"""
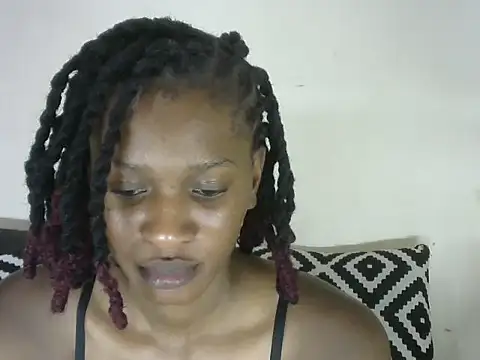 Snapshot of Pretty-emmie chatting on February 2025 07:14:01 PM Pretty-emmie online show from February 2025 07:14:01 PM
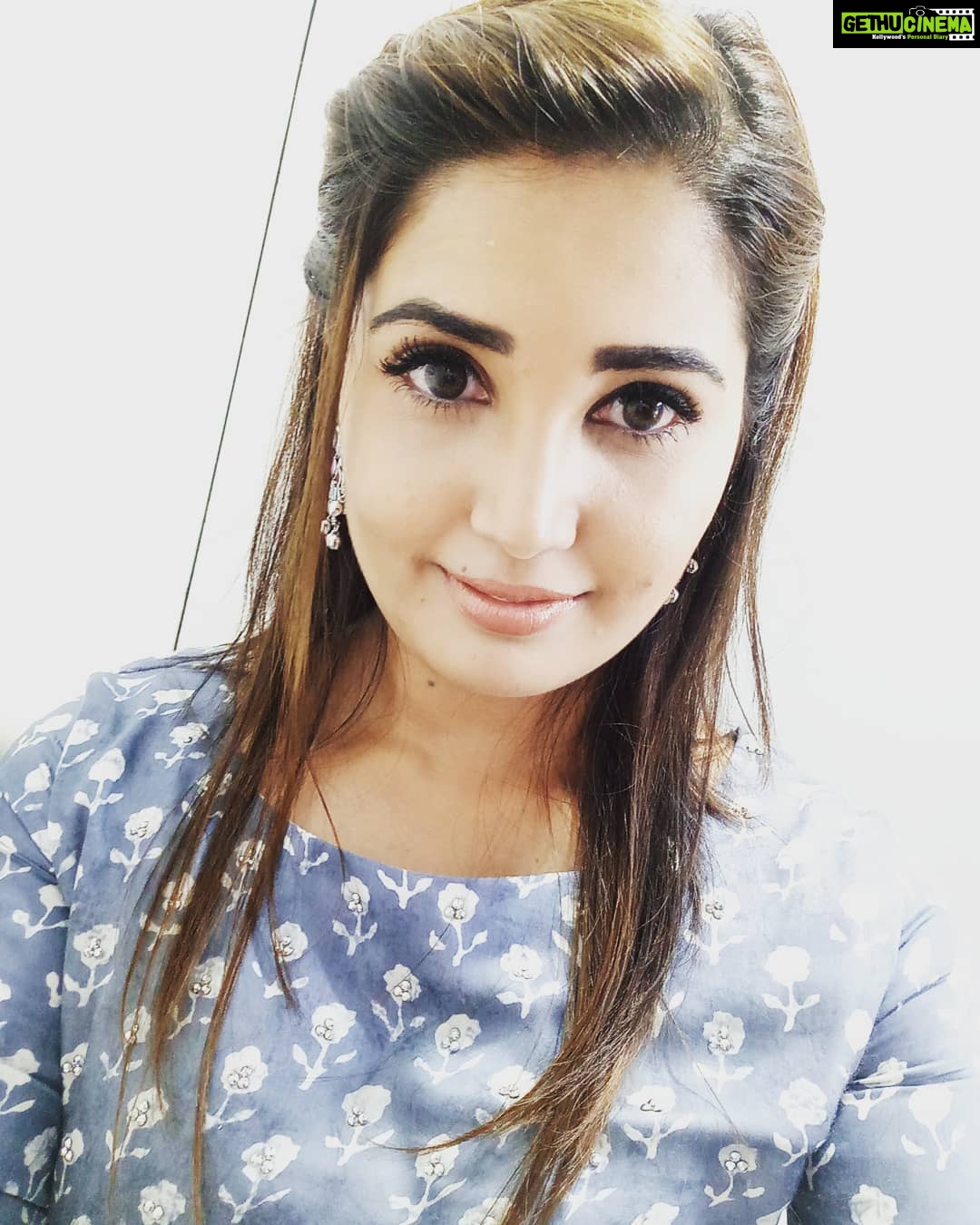 Sandra Amy Instagram - #Jimikkikammal# #songmode# #shoot# #dance# #kaatrinmozhi# #movieday#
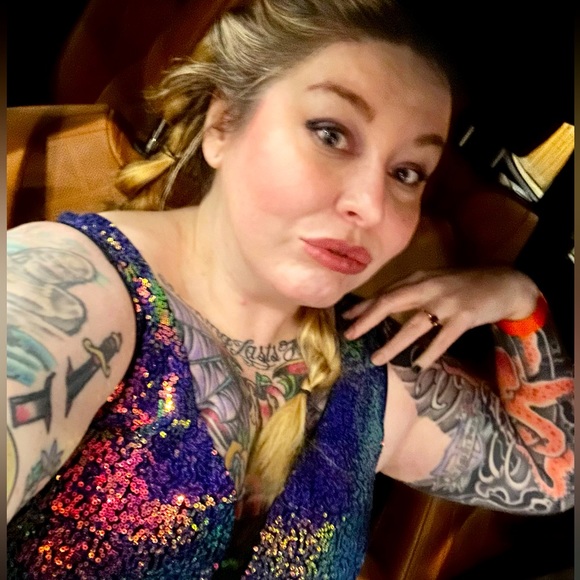 Meet your Posher, Crystal - Picture 1 of 1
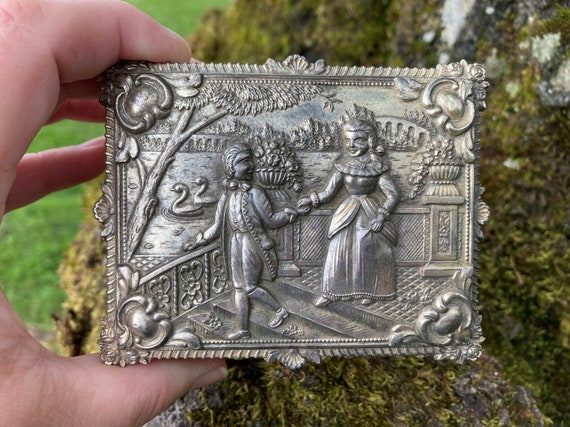 Vintage Small Pot Metal 4-footed Jewelry / Trinket Box W/ Embossed Courting Couple Scrollwork W/ Red Velvety Lining & Hinged Lid japan - Etsy Vintage Small Pot Metal 4-footed Jewelry / Trinket Box W/ Embossed Courting Couple Scrollwork W/ Red Velvety Lining & Hinged Lid japan - Etsy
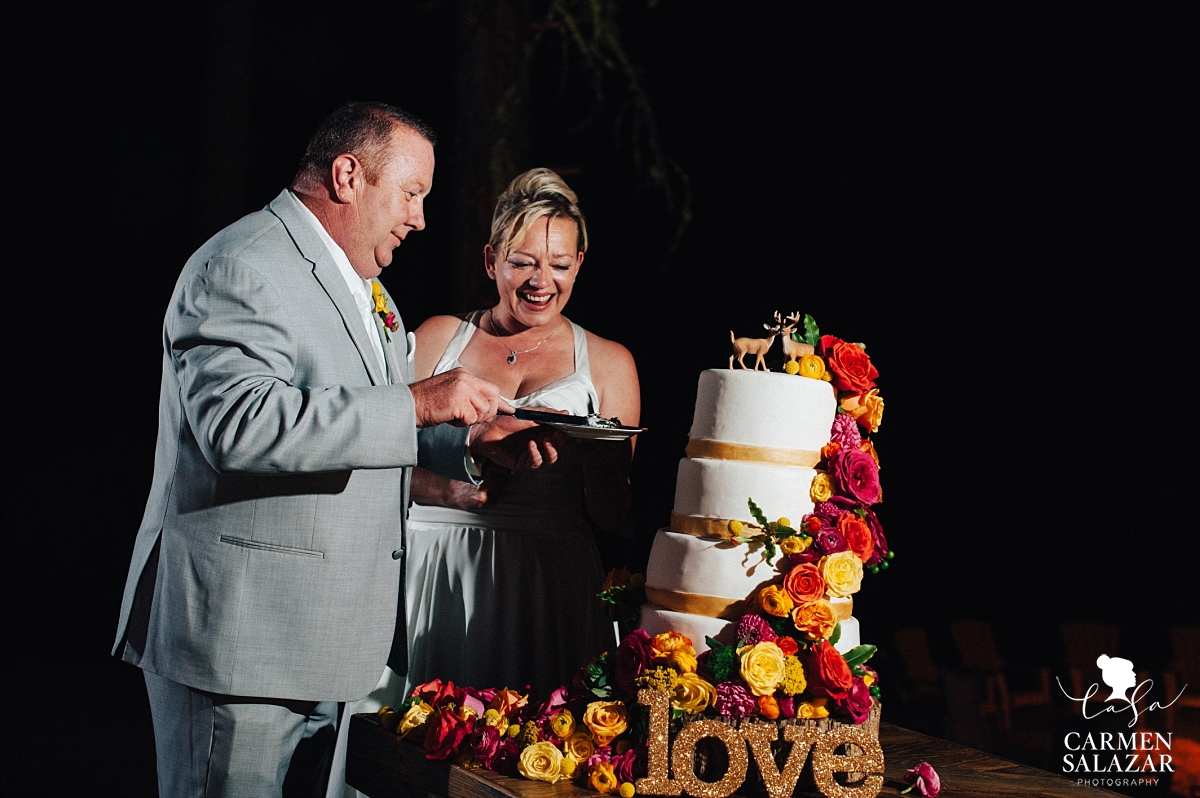 Bride and groom cutting fun cake at Chalet View Lodge- Carmen Salazar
"""
WORK TO COMPLETE | Return the entries verbatim, pictures excluded.

RESULT FOR THIS EXERCISE |
 Snapshot of Pretty-emmie chatting on February 2025 07:14:01 PM Pretty-emmie online show from February 2025 07:14:01 PM
 Sandra Amy Instagram - #Jimikkikammal# #songmode# #shoot# #dance# #kaatrinmozhi# #movieday#
 Meet your Posher, Crystal - Picture 1 of 1
 Vintage Small Pot Metal 4-footed Jewelry / Trinket Box W/ Embossed Courting Couple Scrollwork W/ Red Velvety Lining & Hinged Lid japan - Etsy Vintage Small Pot Metal 4-footed Jewelry / Trinket Box W/ Embossed Courting Couple Scrollwork W/ Red Velvety Lining & Hinged Lid japan - Etsy
 Bride and groom cutting fun cake at Chalet View Lodge- Carmen Salazar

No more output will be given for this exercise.